(TASK MATERIAL)

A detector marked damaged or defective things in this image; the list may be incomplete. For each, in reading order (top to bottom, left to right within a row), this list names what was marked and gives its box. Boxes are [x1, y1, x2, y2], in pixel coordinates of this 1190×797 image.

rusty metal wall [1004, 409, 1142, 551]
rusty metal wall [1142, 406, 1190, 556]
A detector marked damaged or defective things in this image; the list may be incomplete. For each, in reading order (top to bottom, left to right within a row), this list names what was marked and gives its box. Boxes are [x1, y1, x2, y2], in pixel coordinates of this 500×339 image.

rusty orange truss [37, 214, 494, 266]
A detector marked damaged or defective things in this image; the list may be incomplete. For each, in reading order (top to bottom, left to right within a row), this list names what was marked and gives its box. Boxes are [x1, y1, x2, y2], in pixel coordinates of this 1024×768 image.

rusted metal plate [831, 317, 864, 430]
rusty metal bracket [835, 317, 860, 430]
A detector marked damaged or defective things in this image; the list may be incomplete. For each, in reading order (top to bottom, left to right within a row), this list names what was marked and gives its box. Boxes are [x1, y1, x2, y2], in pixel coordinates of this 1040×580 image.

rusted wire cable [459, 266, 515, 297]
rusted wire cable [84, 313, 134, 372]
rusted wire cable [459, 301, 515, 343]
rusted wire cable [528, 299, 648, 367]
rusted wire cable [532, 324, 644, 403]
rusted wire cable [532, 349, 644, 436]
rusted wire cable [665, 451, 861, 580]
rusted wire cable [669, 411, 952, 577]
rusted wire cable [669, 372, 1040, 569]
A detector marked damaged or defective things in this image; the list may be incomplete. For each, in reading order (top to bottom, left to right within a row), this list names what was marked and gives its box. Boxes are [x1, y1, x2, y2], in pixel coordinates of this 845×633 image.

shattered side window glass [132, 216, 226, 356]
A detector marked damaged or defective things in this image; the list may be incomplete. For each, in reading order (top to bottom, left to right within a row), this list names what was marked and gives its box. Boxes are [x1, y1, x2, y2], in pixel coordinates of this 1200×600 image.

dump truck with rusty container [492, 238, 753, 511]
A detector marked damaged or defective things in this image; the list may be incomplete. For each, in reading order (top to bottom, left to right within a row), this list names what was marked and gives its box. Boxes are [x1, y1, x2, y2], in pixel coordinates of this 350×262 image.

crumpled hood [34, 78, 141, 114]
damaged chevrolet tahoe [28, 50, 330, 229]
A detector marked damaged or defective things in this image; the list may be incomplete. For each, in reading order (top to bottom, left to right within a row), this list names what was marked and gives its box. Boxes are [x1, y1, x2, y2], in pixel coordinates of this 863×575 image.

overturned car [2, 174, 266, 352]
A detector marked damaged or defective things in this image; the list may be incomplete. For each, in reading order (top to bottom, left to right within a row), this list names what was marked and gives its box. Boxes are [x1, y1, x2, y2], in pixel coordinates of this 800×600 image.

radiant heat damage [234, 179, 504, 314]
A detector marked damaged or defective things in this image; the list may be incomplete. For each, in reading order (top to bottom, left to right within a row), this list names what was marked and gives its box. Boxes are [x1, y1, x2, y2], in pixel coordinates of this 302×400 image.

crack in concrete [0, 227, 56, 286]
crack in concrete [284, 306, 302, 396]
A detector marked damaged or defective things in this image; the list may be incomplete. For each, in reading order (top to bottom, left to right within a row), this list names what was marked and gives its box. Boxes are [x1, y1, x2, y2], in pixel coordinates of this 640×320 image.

(End TASK MATERIAL)

### WHAT IS NEEDED
From the records above, please extract every line and repeat it exactly.

### SOLUTION TO THE PROBLEM
A detector marked damaged or defective things in this image; the list may be incomplete. For each, in reading order (top to bottom, left to right within a row), this list names what was marked and gives its box. Boxes are [x1, y1, x2, y2], in pixel coordinates of this 1190×797 image.

rusty metal wall [1004, 409, 1142, 551]
rusty metal wall [1142, 406, 1190, 556]
A detector marked damaged or defective things in this image; the list may be incomplete. For each, in reading order (top to bottom, left to right within a row), this list names what was marked and gives its box. Boxes are [x1, y1, x2, y2], in pixel coordinates of this 500×339 image.

rusty orange truss [37, 214, 494, 266]
A detector marked damaged or defective things in this image; the list may be incomplete. For each, in reading order (top to bottom, left to right within a row), this list names what was marked and gives its box. Boxes are [x1, y1, x2, y2], in pixel coordinates of this 1024×768 image.

rusted metal plate [831, 317, 864, 430]
rusty metal bracket [835, 317, 860, 430]
A detector marked damaged or defective things in this image; the list may be incomplete. For each, in reading order (top to bottom, left to right within a row), this list names what was marked and gives its box. Boxes are [x1, y1, x2, y2], in pixel coordinates of this 1040×580 image.

rusted wire cable [459, 266, 515, 297]
rusted wire cable [84, 313, 134, 372]
rusted wire cable [459, 301, 515, 343]
rusted wire cable [528, 299, 648, 367]
rusted wire cable [532, 324, 644, 403]
rusted wire cable [532, 349, 644, 436]
rusted wire cable [665, 451, 861, 580]
rusted wire cable [669, 411, 952, 577]
rusted wire cable [669, 372, 1040, 569]
A detector marked damaged or defective things in this image; the list may be incomplete. For each, in reading order (top to bottom, left to right within a row), this list names what was marked and gives its box. Boxes are [x1, y1, x2, y2], in pixel coordinates of this 845×633 image.

shattered side window glass [132, 216, 226, 356]
A detector marked damaged or defective things in this image; the list may be incomplete. For each, in reading order (top to bottom, left to right within a row), this list names what was marked and gives its box. Boxes are [x1, y1, x2, y2], in pixel coordinates of this 1200×600 image.

dump truck with rusty container [492, 238, 753, 511]
A detector marked damaged or defective things in this image; the list may be incomplete. For each, in reading order (top to bottom, left to right within a row), this list names what was marked and gives its box. Boxes are [x1, y1, x2, y2], in pixel coordinates of this 350×262 image.

crumpled hood [34, 78, 141, 114]
damaged chevrolet tahoe [28, 50, 330, 229]
A detector marked damaged or defective things in this image; the list may be incomplete. For each, in reading order (top to bottom, left to right within a row), this list names what was marked and gives its box. Boxes are [x1, y1, x2, y2], in pixel coordinates of this 863×575 image.

overturned car [2, 174, 266, 352]
A detector marked damaged or defective things in this image; the list may be incomplete. For each, in reading order (top to bottom, left to right within a row), this list names what was marked and gives its box. Boxes are [x1, y1, x2, y2], in pixel coordinates of this 800×600 image.

radiant heat damage [234, 179, 504, 314]
A detector marked damaged or defective things in this image; the list may be incomplete. For each, in reading order (top to bottom, left to right within a row), this list names what was marked and gives its box. Boxes are [x1, y1, x2, y2], in pixel coordinates of this 302×400 image.

crack in concrete [0, 227, 56, 286]
crack in concrete [284, 306, 302, 396]
A detector marked damaged or defective things in this image; the list may be incomplete. For each, in reading order (top to bottom, left to right within a row), this list names what was marked and gives its box. Boxes are [x1, y1, x2, y2], in pixel coordinates of this 640×320 image.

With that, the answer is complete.